Editorial: Conference centre is up for review

The recommendations include ways to take actions that don’t necessarily depend on significant new investment of taxpayer dollars.

City of Nanaimo services held up under the examination of a core review. Now they need to withstand the scrutiny of citizens.

The municipality is holding an e-town hall meeting on Monday (Sept. 12) to gather feedback about the core services review and its recommendations and implications.

Some discussion we look forward to hearing surrounds the Vancouver Island Conference Centre’s operations. As detailed elsewhere in today’s issue of the News Bulletin, the core services review has suggested the conference centre needs to be integrated into broader economic development and tourism strategies.

Taxpayers have come to terms with the idea that this conference centre isn’t going to be able to balance its own books. Even with an adjacent hotel, the conference centre will depend upon the continuation of its annual million-dollar subsidy.

It’s worth pointing out again that the core review found no other credible uses for the facility.

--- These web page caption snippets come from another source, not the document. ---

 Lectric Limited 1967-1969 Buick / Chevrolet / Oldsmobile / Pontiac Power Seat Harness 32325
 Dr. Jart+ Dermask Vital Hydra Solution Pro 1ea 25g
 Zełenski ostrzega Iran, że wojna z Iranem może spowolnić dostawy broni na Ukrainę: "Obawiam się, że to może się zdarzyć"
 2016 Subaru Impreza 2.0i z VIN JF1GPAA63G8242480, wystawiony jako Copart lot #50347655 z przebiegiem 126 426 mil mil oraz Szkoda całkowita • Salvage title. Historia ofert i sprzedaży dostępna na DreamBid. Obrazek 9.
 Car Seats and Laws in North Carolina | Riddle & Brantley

At next week’s e-town hall meeting, councillors will consider how to adopt the review’s conference centre recommendations, including developing a marketing destination strategy, attracting a quality hotel, and adding performance measurables and incentives to the management contract.

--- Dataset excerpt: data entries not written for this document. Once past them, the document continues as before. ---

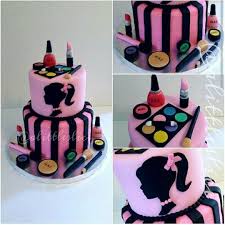 And if the customer didnt ask if i took photos already, i would have forgotten! Barbie Makeup Cake Follow Alittleslice On Instagram Make Up Cake Cake Barbie Makeup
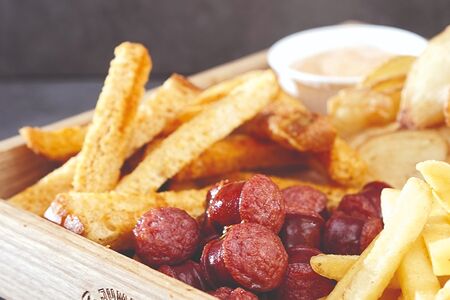 Сет с колбасками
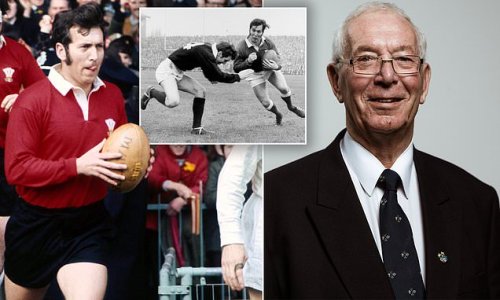 Wales and Lions icon John Dawes dies aged 80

We like the recommendations – they include ways to take actions that don’t necessarily depend on significant new investment of taxpayer dollars. If citizens believe in the building’s potential and the city and council are willing to take greater responsibility, oversight and pride in the amenity, then we think conference business can build on the growth that although relatively modest, is trending the right way.

The conference centre has already had some positive, if hard-to-measure impacts on the look and feel and the potential of Nanaimo’s downtown. It’s as good a time as any to talk about where it needs to go from here.